The other issue is not an area I am familiar with. I will note this, and email David about it. I think we are having a meeting about outstanding issues next week.

larspett commented 1 year ago

This one becomes Unknown in ButterflyCount but a species aggregate in ObsIdentify. The confidence isn't sky high here but I've been up to about 90% with the same outcome image image

DavidRoy commented 1 year ago

@larspett can you raise this as a separate issue. If issues expand we never close them ;-)

larspett commented 1 year ago

@DavidRoy The image ID issue is now issue #549

andrewvanbreda commented 1 year ago

@larspett Likewise I have raised the language problem for you here https://github.com/BiologicalRecordsCentre/ABLE/issues/550

andrewvanbreda commented 1 year ago

Hi @larspett ,

So here is a summary of what wasn't imported.

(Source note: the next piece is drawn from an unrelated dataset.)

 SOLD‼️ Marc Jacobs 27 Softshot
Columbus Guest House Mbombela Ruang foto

  1. Rows where "NA" was provided in the Swedish column were left out.

  2. Rows where the Swedish was already present in the database that didn't need importing.

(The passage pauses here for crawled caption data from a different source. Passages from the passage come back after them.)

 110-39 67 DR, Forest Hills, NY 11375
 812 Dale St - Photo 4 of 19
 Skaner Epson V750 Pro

  3. Rows that are in the files attached (these are rows where an exact latin match wasn't found in the species list). There are two files. "Items with simple suggestions" with a suggested alternative name that is present in the species list and may be useable.

"Notes in detail.csv" is similar, apart from the problems aren't as simple, so the notes column contains more detail. In some cases I have put an alternative synonym. I am not a moth expert, so these suggestions have come from an examination of the UK Master List for an alternative, and my suggestions should be checked carefully.

If you want this data to be imported, can you confirm the alternatives in both files (maybe put another column in the sheets with your notes?)

In both files, if the extra column contains nothing, it means I couldn't find an alternative.

If you think there is any new species that you need that aren't in the species list at the moment, I will need to talk to David.

Items with simple suggestions.csv

Notes in detail.csv

larspett commented 1 year ago

Looks like Swedish systematics isn't always that systematic. Will look into this. So the empty cells are species that don't exist in the present version of the EBMS list?

andrewvanbreda commented 1 year ago

Hi @larspett Yes the empty cell means the exact species name isn't present and I couldn't find a similar alternative so I can't suggest something. (although it is possible there might be a suitable alternative synonym but I simply was unable to find it myself). So I think if there are any species you definetely need that aren't present, please note them in the sheet, so they can looked at further.

If I have put notes, it means an exact match for the name wasn't found, but I was able to find a possible alternative I need you to check.

Vilius-Stankaitis commented 1 year ago

Hi, is this sorted? Can I update the app?